:: Task to complete ::
Output every line of the material exactly.
___
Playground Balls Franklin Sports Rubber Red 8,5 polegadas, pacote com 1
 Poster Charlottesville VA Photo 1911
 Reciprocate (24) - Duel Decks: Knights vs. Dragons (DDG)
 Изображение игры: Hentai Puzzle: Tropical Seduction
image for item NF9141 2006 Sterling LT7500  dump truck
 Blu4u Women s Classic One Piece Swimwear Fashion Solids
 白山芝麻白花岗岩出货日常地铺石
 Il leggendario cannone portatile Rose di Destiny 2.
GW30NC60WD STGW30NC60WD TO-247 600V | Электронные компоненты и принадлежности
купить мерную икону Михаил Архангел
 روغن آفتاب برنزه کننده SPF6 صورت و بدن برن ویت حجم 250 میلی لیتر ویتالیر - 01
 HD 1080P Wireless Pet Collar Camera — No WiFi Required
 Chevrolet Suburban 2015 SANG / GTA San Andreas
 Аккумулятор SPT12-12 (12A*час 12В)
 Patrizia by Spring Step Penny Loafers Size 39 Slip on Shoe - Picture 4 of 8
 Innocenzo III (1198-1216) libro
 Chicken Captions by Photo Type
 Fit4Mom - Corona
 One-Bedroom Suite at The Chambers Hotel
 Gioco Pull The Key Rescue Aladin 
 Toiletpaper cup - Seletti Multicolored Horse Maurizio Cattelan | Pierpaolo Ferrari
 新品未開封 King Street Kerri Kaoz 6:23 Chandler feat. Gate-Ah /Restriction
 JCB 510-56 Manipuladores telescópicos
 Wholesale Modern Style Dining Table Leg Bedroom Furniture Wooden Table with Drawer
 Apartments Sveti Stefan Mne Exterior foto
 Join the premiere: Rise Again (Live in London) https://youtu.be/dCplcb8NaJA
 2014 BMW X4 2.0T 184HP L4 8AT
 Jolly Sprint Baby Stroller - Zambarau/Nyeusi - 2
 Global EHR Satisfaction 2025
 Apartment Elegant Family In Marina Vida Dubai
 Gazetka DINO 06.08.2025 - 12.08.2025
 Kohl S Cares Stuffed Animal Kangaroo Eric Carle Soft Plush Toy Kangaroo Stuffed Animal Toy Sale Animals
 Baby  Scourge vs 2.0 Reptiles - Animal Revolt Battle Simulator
___
:: Written response ::
Playground Balls Franklin Sports Rubber Red 8,5 polegadas, pacote com 1
 Poster Charlottesville VA Photo 1911
 Reciprocate (24) - Duel Decks: Knights vs. Dragons (DDG)
 Изображение игры: Hentai Puzzle: Tropical Seduction
image for item NF9141 2006 Sterling LT7500  dump truck
 Blu4u Women s Classic One Piece Swimwear Fashion Solids
 白山芝麻白花岗岩出货日常地铺石
 Il leggendario cannone portatile Rose di Destiny 2.
GW30NC60WD STGW30NC60WD TO-247 600V | Электронные компоненты и принадлежности
купить мерную икону Михаил Архангел
 روغن آفتاب برنزه کننده SPF6 صورت و بدن برن ویت حجم 250 میلی لیتر ویتالیر - 01
 HD 1080P Wireless Pet Collar Camera — No WiFi Required
 Chevrolet Suburban 2015 SANG / GTA San Andreas
 Аккумулятор SPT12-12 (12A*час 12В)
 Patrizia by Spring Step Penny Loafers Size 39 Slip on Shoe - Picture 4 of 8
 Innocenzo III (1198-1216) libro
 Chicken Captions by Photo Type
 Fit4Mom - Corona
 One-Bedroom Suite at The Chambers Hotel
 Gioco Pull The Key Rescue Aladin 
 Toiletpaper cup - Seletti Multicolored Horse Maurizio Cattelan | Pierpaolo Ferrari
 新品未開封 King Street Kerri Kaoz 6:23 Chandler feat. Gate-Ah /Restriction
 JCB 510-56 Manipuladores telescópicos
 Wholesale Modern Style Dining Table Leg Bedroom Furniture Wooden Table with Drawer
 Apartments Sveti Stefan Mne Exterior foto
 Join the premiere: Rise Again (Live in London) https://youtu.be/dCplcb8NaJA
 2014 BMW X4 2.0T 184HP L4 8AT
 Jolly Sprint Baby Stroller - Zambarau/Nyeusi - 2
 Global EHR Satisfaction 2025
 Apartment Elegant Family In Marina Vida Dubai
 Gazetka DINO 06.08.2025 - 12.08.2025
 Kohl S Cares Stuffed Animal Kangaroo Eric Carle Soft Plush Toy Kangaroo Stuffed Animal Toy Sale Animals
 Baby  Scourge vs 2.0 Reptiles - Animal Revolt Battle Simulator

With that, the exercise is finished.